The White House hinted at the discord hen it said that "in all of his meetings, Mr. Sullivan recalled that the United States’ longstanding partnership with Israel, which celebrates its 75th anniversary this year, is built on mutual interests and democratic values.
"Sullivan stressed that the Administration will continue to support the two-state solution, and will discourage policies that endanger its viability," the White House said.
It added that "Sullivan underscored the urgency of avoiding unilateral steps by any party that could inflame tensions on the ground, with special attention to maintaining the historic status quo with respect to the holy places in Jerusalem."

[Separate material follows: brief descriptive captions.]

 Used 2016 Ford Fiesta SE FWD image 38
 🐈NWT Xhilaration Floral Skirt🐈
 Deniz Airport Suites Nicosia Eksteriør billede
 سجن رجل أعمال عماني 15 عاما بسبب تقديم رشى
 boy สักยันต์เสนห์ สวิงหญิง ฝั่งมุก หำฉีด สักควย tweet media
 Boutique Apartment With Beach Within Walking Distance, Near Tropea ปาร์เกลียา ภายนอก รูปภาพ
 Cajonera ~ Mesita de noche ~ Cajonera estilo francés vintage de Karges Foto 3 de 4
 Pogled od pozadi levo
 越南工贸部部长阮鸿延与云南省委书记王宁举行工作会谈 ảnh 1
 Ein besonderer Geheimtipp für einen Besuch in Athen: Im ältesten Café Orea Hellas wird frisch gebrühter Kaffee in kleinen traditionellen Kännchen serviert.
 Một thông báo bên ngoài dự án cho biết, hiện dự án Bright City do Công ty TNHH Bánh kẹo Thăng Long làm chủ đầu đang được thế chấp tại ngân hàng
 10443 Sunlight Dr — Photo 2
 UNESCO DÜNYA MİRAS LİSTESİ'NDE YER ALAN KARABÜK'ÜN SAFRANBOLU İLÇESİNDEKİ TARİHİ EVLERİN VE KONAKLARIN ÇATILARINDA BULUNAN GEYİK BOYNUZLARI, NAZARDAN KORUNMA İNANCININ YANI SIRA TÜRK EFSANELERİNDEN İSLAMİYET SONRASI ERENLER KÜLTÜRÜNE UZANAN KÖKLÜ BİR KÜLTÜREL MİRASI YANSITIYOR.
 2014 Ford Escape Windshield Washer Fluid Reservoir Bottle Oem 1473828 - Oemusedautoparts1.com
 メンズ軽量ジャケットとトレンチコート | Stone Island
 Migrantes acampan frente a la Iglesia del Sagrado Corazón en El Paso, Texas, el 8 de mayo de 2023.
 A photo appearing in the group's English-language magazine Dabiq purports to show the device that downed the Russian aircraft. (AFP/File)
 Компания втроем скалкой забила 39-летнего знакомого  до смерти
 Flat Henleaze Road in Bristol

"I have known President Biden for 40 years as a great friend of Israel and I know how much he trusts you in matters of national security.
"You should know that we see you as a trusted partner in matters of assuring security and of course advancing peace. Today you come at a special time because we have acute challenges to our security and vast opportunities for peace.
Israel took time to explain to Sullivan its decision to level financial sanctions on the Palestinian Authority and to halt Palestinian construction in Area C of the West Bank, which is under IDF military and civilian control.
The move came in response to the PA's successful campaign that culminated last month in UN General Assembly to request from the International Court of justice for an advisory opinion on the illegality of the "occupation."
Netanyahu told Sullivan that the Palestinian push for an ICJ opinion was a direct attack against the Jewish state that justified its response.
Participants in an expanded meeting included Strategic Affairs Minister Ron Dermer, Netanyahu's Chief of Staff Tzachi Braverman, National Security Adviser Tzachi Hanegbi, Israeli Ambassador to the US Mike Herzog, Deputy Assistant to Biden Brett McGurk and US Ambassador to Israel Thomas Nides.